LES ÉCHOS WEEK-END, Philippe Chevilley, vendredi 7 avril 2023


Femmes sur un fil

LE COUP DE FOUDRE. Le lecteur s’attend à un roman historique, social et féministe.
Il n’y aura pas de sang versé est un peu tout cela à la fois, mais par son écriture originale et son style unique, il transcende les genres.
Autrice d’une quarantaine d’ouvrages, couronnée du prix Femina avec Anchise en 1999, Maryline Desbiolles est écrivaine et poétesse. Sa façon de raconter la première grève connue de femmes, en 1869, dans les ateliers de soieries lyonnaises, tient du (bref) chant chorale et de la course sportive. En inventant le destin de quatre femmes venues de France et d’Italie pour travailler comme « ovalistes  » – garnir les bobines de moulins ovales pour préparer le fil de soie au tissage – elle évoque plus qu’un mouvement social : les prémisses d’une révolution sociétale.

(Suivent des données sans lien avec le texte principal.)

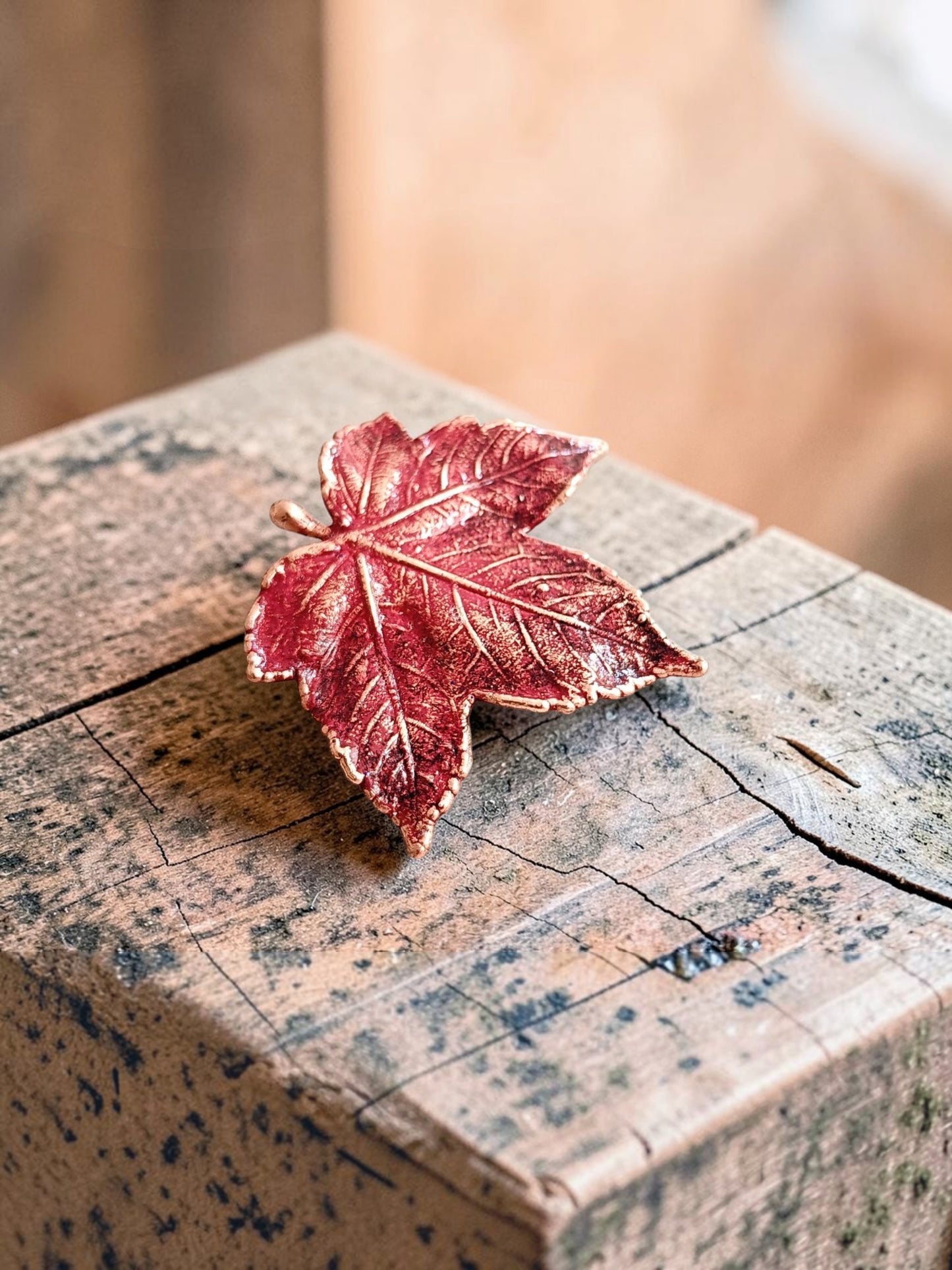 3/2 Burgundy Wild Grape Leaf – Copper Brooch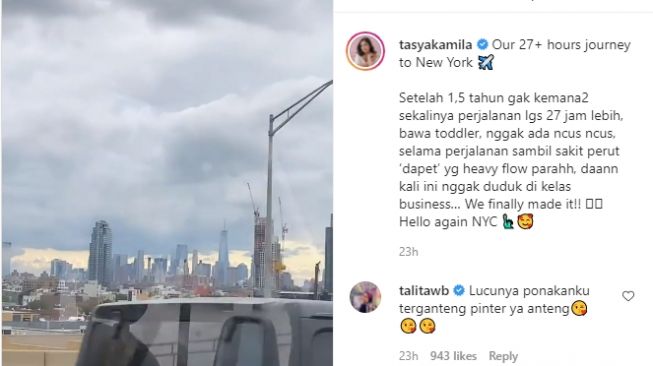 Momen Tasya Kamila ke New York. [Instagram/tasyakamila]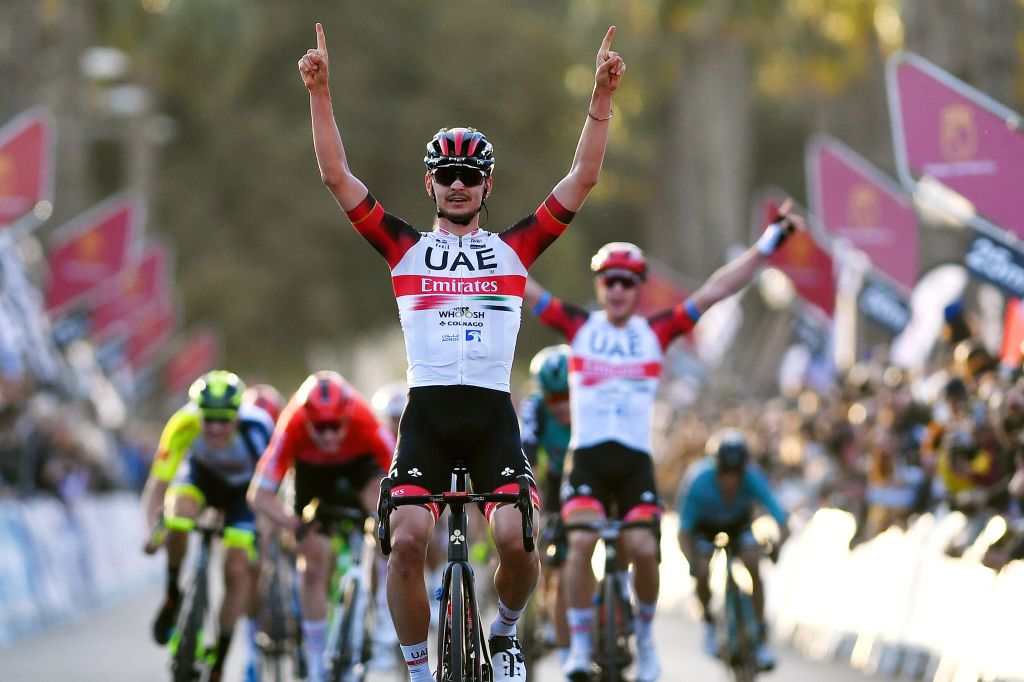 CARTAGENA SPAIN FEBRUARY 12 Alessandro Covi of Italy and UAE Team Emirates celebrates winning during the 42nd Vuelta Ciclista A La Region De Murcia Costa Calida 2022 a 1832km one day race from Fortuna to Puerto de Cartagena VueltaRegionMurcia22 on February 12 2022 in Cartagena Spain Photo by Tim de WaeleGetty Images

Entre Toia, la Piémontaise, Rosalie Plantavin, la Drômoise, Marie Maurier, paysanne des Alpes, et Clémence Blanc, la Lyonnaise, l’écrivaine imagine une course de relais. Un passage de témoin pour marquer la soif d’émancipation, la découverte de la sororité face aux hommes qui les tiennent pour quantité négligeable… et malléable. Leur histoire est brossée en saynètes vives : leur intégration expresse dans les ateliers, leurs courtes nuits dans les dortoirs ou mansardes, leurs promenades au parc de la Tête d’Or.

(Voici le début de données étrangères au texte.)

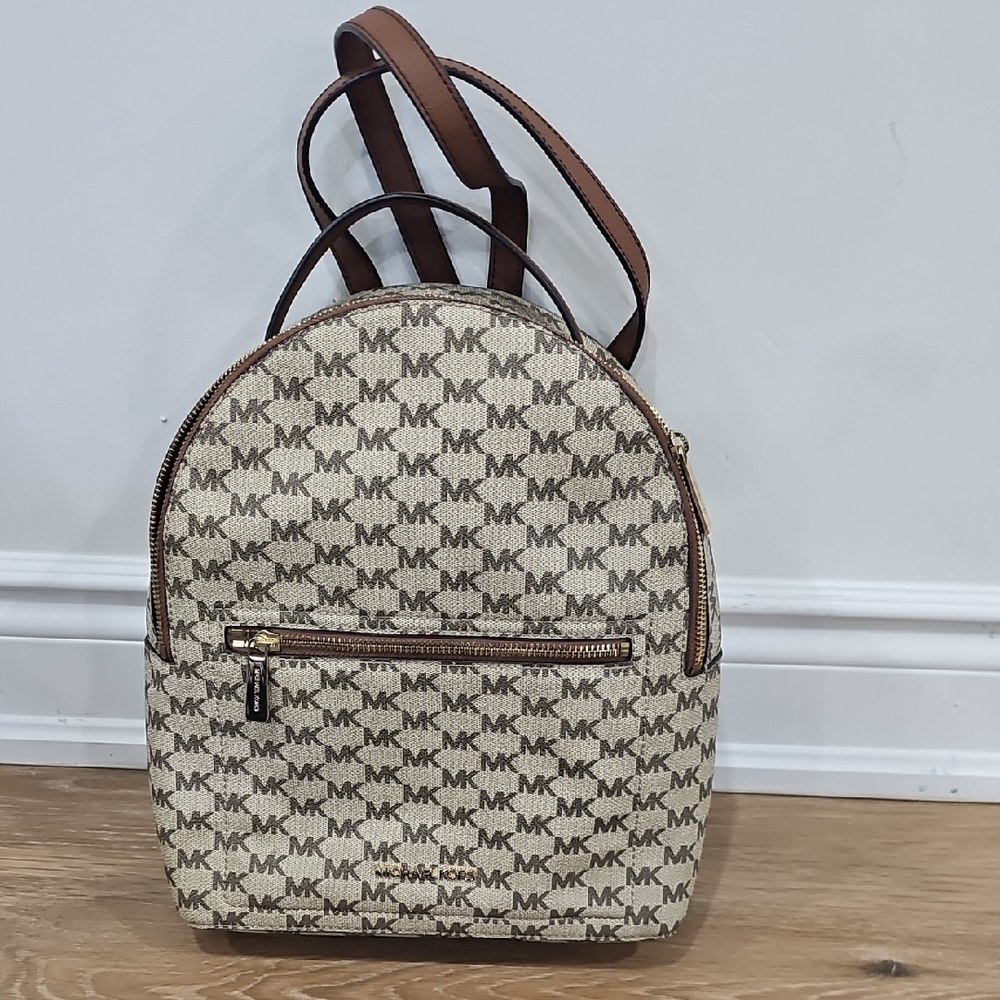 Michael Kors Brown and Cream Logo Backpack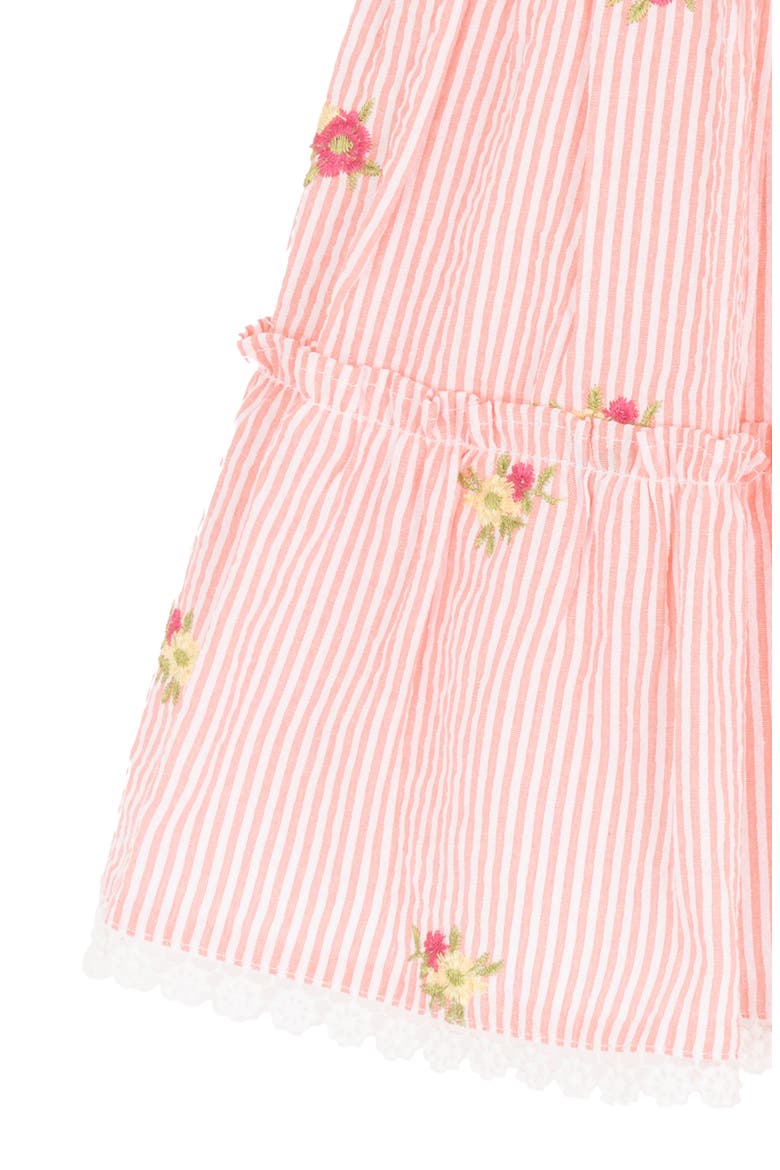 Kids' Embroidered Seersucker Smocked Dress, Alternate, color, PINK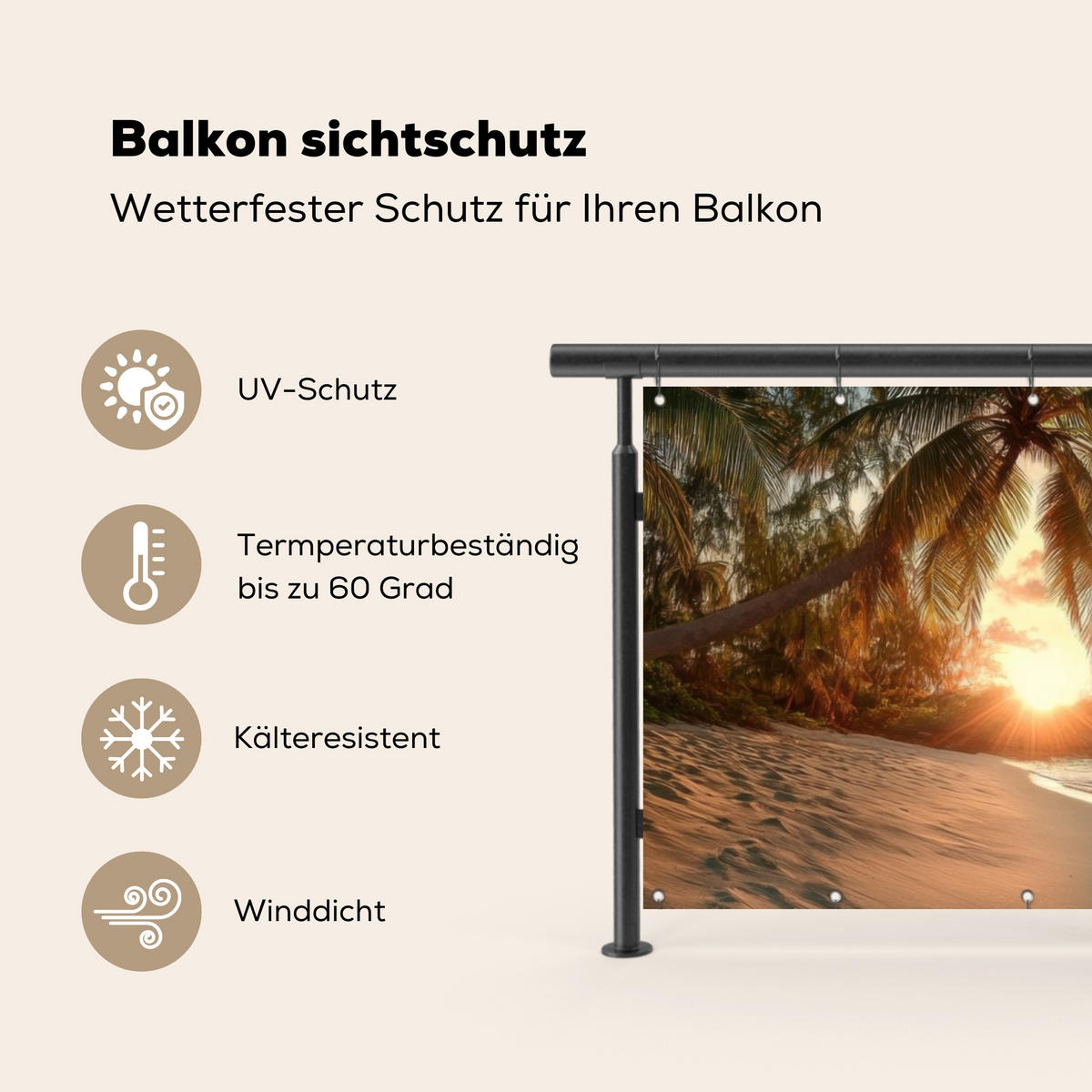 BALKON-SICHTSCHUTZ Strand - Palmen - Meer - Sonnenuntergang 300x110 cm - Samtahornfarben, Kunststoff (300/110cm) - MuchoWow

Puis viennent la grève et les premiers coups de gueule, sous l’œil ahuri des maîtres mouliniers. Les ouvrières revendiquent des journées de dix heures, veulent être payées autant que les hommes. Sont-elles tombées de la lune ? Une lune ovale, probablement… Las, il n’y aura pas de lendemains qui chantent. Même l’Association internationale des travailleurs fondée par Marx en 1864 les laissera en plan. Le communisme s’écrit d’abord au masculin.

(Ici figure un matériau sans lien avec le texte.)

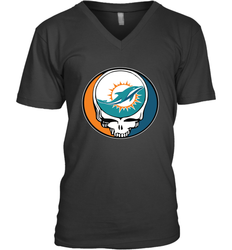 Miami Dolphins Grateful Dead Steal Your Face NFL Football Mens V-Neck T-Shirt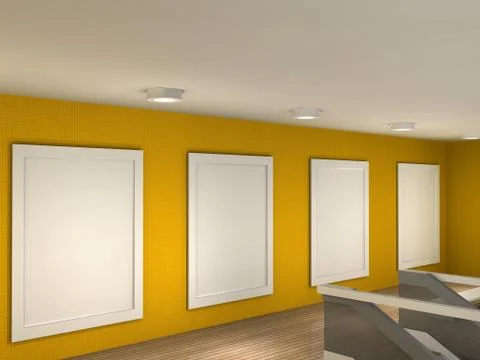 The interior of a gallery with 4 frames Stock Illustration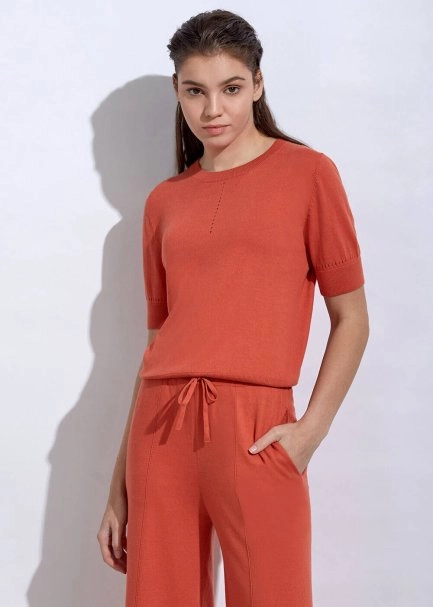 Kaşmir Karışımlı Ajur Örgü Turuncu Triko Üst - 1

Qu’à cela ne tienne ! Nos quatre héroïnes ont appris à relever la tête, à espérer ensemble. Errance dans les rues les jours de grève, détente dans les cafés. Colère, rires et tendresse partagés… Maryline Desbiolles file les métaphores (sur le sang, la grève…) et nous embarque dans un ailleurs poétique. Dans les dernières pages, elle offre un épilogue à nos quatre « relayeuses » – pas forcément joyeux. Mais la pièce d’histoire qu’elles ont tissée n’aura pas été vaine. Désormais, le monde devra s’écrire avec elles.